Vote Kerry!!! "Cuz the other option sucks even more"


----------



## doctorvtec (May 15, 2004)

I love democrats... When they have no real arguments, they either start shouting and tell people to "shut up", or they go back to there "Bush is just in it for oil" excuse. You people are really fun to listen to. My Grandfather is the exact same way, after he repeats the same crap over and over again, and runs out of facts, he starts name calling and shouting.


----------



## doctorvtec (May 15, 2004)

At least with Bush we know what he's gonna do in the next few years. With this guy Kerry, GOD knows what he will do.

Bush is the lesser of 2 evils. Wheres Perot when you need him?


----------



## Satans'Fish (Jul 20, 2004)

doctorvtec said:


> I love democrats... When they have no real arguments, they either start shouting and tell people to "shut up", or they go back to there "Bush is just in it for oil" excuse. You people are really fun to listen to. My Grandfather is the exact same way, after he repeats the same crap over and over again, and runs out of facts, he starts name calling and shouting.










u'r a typical republican, if they run out of arguements or get pwned they switch subject and start to talk crap about democrats.


----------



## doctorvtec (May 15, 2004)

I didn't switch subjects. Just pointed out how our nice democratic friend said 'shut up'.


----------



## rbp75 (May 2, 2004)

> Bush jr. lowered the taxes for ppl with high incomes but not for the average John Doe. If rich ppl have to pay lower taxes it means that 1000's 'till millions of dollars go to them instead of the state's treasury. Those combined makes billions and yeah if you spread that average over all Americans it seems as if that Tax Freedom date came early this year. Unfortunately not for the average American like yourself, but only for those wealthy bastards that can buy 2 instead of 1 Bentley this year.
> 
> Vote Kerry!!! "Cuz the other option sucks even more"


well Im an average blue collar joe and I saved $700 on my taxes last year due to the tax cut and thats alot for me considering at the time I wouldnt have been able to afford to pay it.. not top mention the record lows we had on interest rates and now there are more people who own their own homes and buy new cars, and get low intrest bank loans, all of which I been able to do in the last few months. thanks to bush


----------



## doctorvtec (May 15, 2004)

Come on rpb75, don't you know that Bush is just riding the wave started by Blow Job Billy? At least thats what some people want us to think.


----------



## DrewBoOty (Nov 23, 2002)

doctorvtec said:


> I didn't switch subjects. Just pointed out how our nice democratic friend said 'shut up'.

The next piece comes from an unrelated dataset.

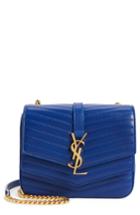 Saint Laurent Montaigne Quilted Lambskin Crossbody Bag - Blue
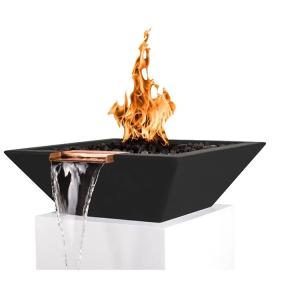 China Black Decorative Metal Gas Waterfall Fire Pit Bowl Heaters For Swimming Pool factory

I'm not a democrat, so take a seat dumbass.



> yea I realize how is in office and thats why we have had such a great recovery from the worst attact on this country.


huh? try that again in english?



> found wmd's(despite what the media has told you)


----------



## doctorvtec (May 15, 2004)

I have graduated to dumbass!

That wasn't very nice....


----------



## DrewBoOty (Nov 23, 2002)

doctorvtec said:


> I have graduated to dumbass!
> 
> That wasn't very nice....


 I know it wasnt, it wasnt meant to be.


----------



## Satans'Fish (Jul 20, 2004)

doctorvtec said:


> I didn't switch subjects. Just pointed out how our nice democratic friend said 'shut up'.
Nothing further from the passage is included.